Bitte kein Spam hier, danke.

Da hab ich wohl nen Wunden Punkt getroffen? Denk du lieber über deine Einstellung nach mein Freund. Und sag mir dann was an meiner Aussage falsch ist.

Aber bitte nicht hier im Thema, ist ja schließlich nicht Themenrelevant.#h


----------



## Thomas83 (23. November 2014)

*AW: Karpfen mit Reuse fangen?*

Hi,

ich weiß aus "sicherer Quelle", dass "der Elbfischer"/"die Elbfischer" durchaus Karpfen (auch große|rolleyes) in Reusen fangen.
Diese werden dann entweder geräuchert oder z.B. lebendig, für Besatz-Zwecke, verkauft. Ähnliches mit den "Klodeckeln":m aus der Elbe.

Also, probiers mal und lass es dir schmecken.

Gruß Thomas


----------



## Gunnar. (23. November 2014)

*AW: Karpfen mit Reuse fangen?*

Moin ,

 Da Reusen , Netze u. co Fanggeräte der Berufsfischer sind  ,solltest erstmal nachfragen ob du in *deinem* Bundesland diese Gerätschaften überhaupt nutzen darfst.....

 Rein von der fachlichen Seite her:
 _ Reusen sind NICHT das Fanggerät für Karpfen , mehr als Zufalls/Beifang ist da nicht drin.....
 Zum professionellen Karpfenfangen nutzt der Fischer Zug u. o.
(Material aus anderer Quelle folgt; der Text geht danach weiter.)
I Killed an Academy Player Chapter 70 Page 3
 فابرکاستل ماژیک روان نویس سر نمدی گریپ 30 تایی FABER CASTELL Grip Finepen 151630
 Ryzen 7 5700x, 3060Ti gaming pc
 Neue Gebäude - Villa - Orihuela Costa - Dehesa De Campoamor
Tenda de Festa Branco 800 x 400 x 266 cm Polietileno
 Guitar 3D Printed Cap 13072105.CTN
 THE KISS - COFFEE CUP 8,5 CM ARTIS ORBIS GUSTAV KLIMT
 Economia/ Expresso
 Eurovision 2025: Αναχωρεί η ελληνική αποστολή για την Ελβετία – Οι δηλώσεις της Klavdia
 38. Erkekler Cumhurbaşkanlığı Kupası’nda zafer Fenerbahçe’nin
Stellnetze!!

 Allgemein gesagt:
 Das Reusenthema hat in einem *Angel*board eigentlich nichts zu suchen.

  Also nicht wundern wenn da Gegenwind kommt..... 
 Da jedoch im AB das "moderne" Karpfenangeln eher stiefmütterlich dahinvegetiert ist das kein Problem....... denn mind 98% Der Karpfenangler haben forentechnisch gesehen woanders ihr fachliches Zuhause.
 Also keine Angst vor solchen Fragen - immer her damit - hier passiert eh nix.....


----------



## W-Lahn (23. November 2014)

*AW: Karpfen mit Reuse fangen?*

Wenn du in der "Pfütze" mit der Angel keinen Erfolg hast, wirst du auch mit der Reuse nichts fangen..


----------



## Gardenfly (23. November 2014)

*AW: Karpfen mit Reuse fangen?*

marcomo, lass dich nicht von den Bedenkenträgern unterkriegen. Nur eine vernünftige Reuse um Karpfen zu fangen kostet mehr als der Fisch beim teuersten Händler. Solltest du du aber die langfristig brauchen dann kauf dir eine (ich habe 3 ). Ich habe meine von Kremlin mit grosser Kehle, aber die machen fast nur noch Dekonetze.


----------



## punkarpfen (23. November 2014)

*AW: Karpfen mit Reuse fangen?*

@ marcomo: Zunächst rate ich dir mal einen Gang zurückzuschalten und mit Kritik konstruktiver umzugehen. Beim Anglerboard geht es nun einmal um den Fischfang mit der Angel und diese ist mMn. für den gezielten Karpfenfang in dem Weiher sehr gut geeignet. Bei der Gewässergröße und einem angelegten Futterplatz dürfte das in kürzester Zeit zu machen sein. Du kannst dir die Fische in der geeigneten Größe raussuchen und die anderen wieder zurücksetzen. Eine Reuse ist da sicherlich umständlicher, teurer und auch nicht fischschonender.


----------



## Stefff (23. November 2014)

*AW: Karpfen mit Reuse fangen?*

Hallo allerseits,

schon teilweise wieder sehr vorurteilsbehaftetes negativ Gelabere was die Karpfenanglerei betrifft. 
Kann und will nicht verstehen was Karpfenangler (ich zähle mich auch zu 80% dazu) so abstoßend und bekriegbar macht.
Soll jeder fischen wie er es für richtig hält und sei es mit der Reuse, solange sie im eigenen Teich liegt hab ich da kein Problem damit.
Wer nicht auf Karpfen angeln will, weil es nicht seine "Lieblingsfischart" ist, der soll sich nen anderen Zielfisch suchen und diesem nachstellen. Ich hetze ja auch nicht gegen Hecht- oder Zanderangler und kenne auch keinen Karpfenangler der das tut. Wenn einer nen Karpfen fängt und ihn in der Pfanne will, soll das tun. Karpfen gibt es genügend. Nur wenn ich das nicht möchte ist das genauso mein Recht!

WO LIEGT DAS PROBLEM??!!

Grüße, Stefff


----------



## Andal (23. November 2014)

*AW: Karpfen mit Reuse fangen?*



Stefff schrieb:


> WO LIEGT DAS PROBLEM??!!



Das zwar schon alles zig mal g'sagt worden ist, bloß halt noch ned von am jeden!


----------



## Stefff (23. November 2014)

*AW: Karpfen mit Reuse fangen?*



Andal schrieb:


> Das zwar schon alles zig mal g'sagt worden ist, bloß halt noch ned von am jeden!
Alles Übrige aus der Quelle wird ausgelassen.